Au Québec, le sport organisé chez les jeunes est axé sur la compétition, l’élitisme, la spécialisation. Des voix s’élèvent pour remettre en question ce système, qui mènerait à beaucoup de décrochage sportif.

En première secondaire, Tristan Dubois a fait partie de l’équipe de basketball de son école privée, à Montréal. Tristan était « loin d’être le meilleur », selon ses dires, mais il s’y plaisait. Ses coéquipiers sont devenus ses amis. Il a même abandonné le karaté pour se consacrer au basketball.

Au début de sa deuxième secondaire, Tristan a refait les essais pour garder sa place dans l’équipe. Cette fois, il n’a pas été pris.

« Ça m’avait marqué, se souvient Tristan. Dans le vestiaire, j’avais les larmes aux yeux, mais toute l’équipe me soutenait. »

Tristan n’a plus rejoué au basketball, sauf au parc, entre amis. « En fait, après, j’ai juste arrêté de faire du sport », réalise le jeune homme de 19 ans, qui n’en tient pas rigueur à son ancienne école. C’est la façon de faire, comme dans bien des écoles secondaires.
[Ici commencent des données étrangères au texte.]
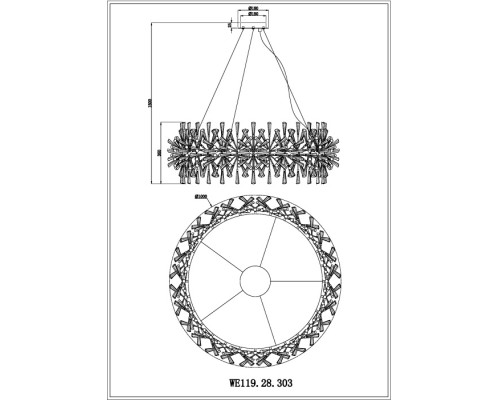 Подвесной светильник Floriane WE119.28.303 Wertmark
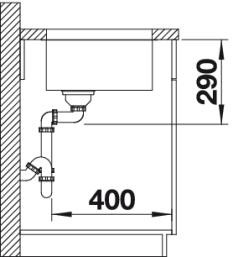 Chậu rửa bát âm 1 hố Blanco Andano 700U | 522971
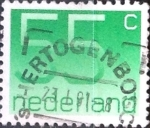 Sellos de Europa - Holanda -  Intercambio 0,20 usd 55 cent. 1981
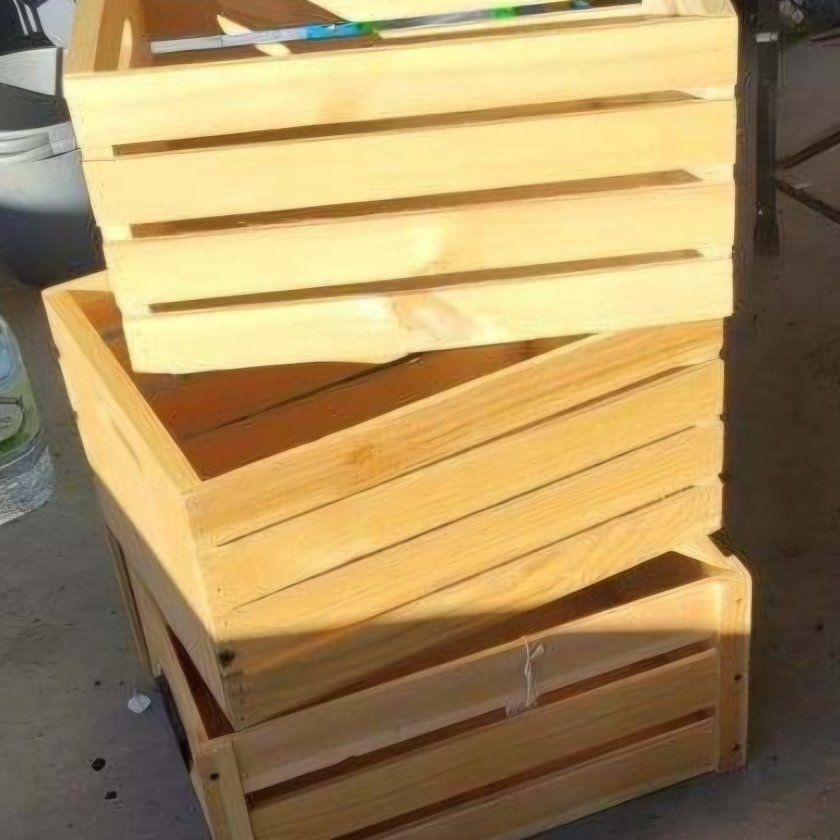 Wood crates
« Très axé » sur la compétition

Au Québec, des écoles secondaires font de la sélection pour former leurs équipes sportives, tandis que d’autres n’en font pas. Quoi qu’il en soit, le Québec est l’une des rares provinces où la saison sportive s’échelonne de l’automne au printemps. En Ontario, les jeunes sont invités à choisir trois sports différents dans l’année, qu’ils pratiquent successivement, en fonction des saisons.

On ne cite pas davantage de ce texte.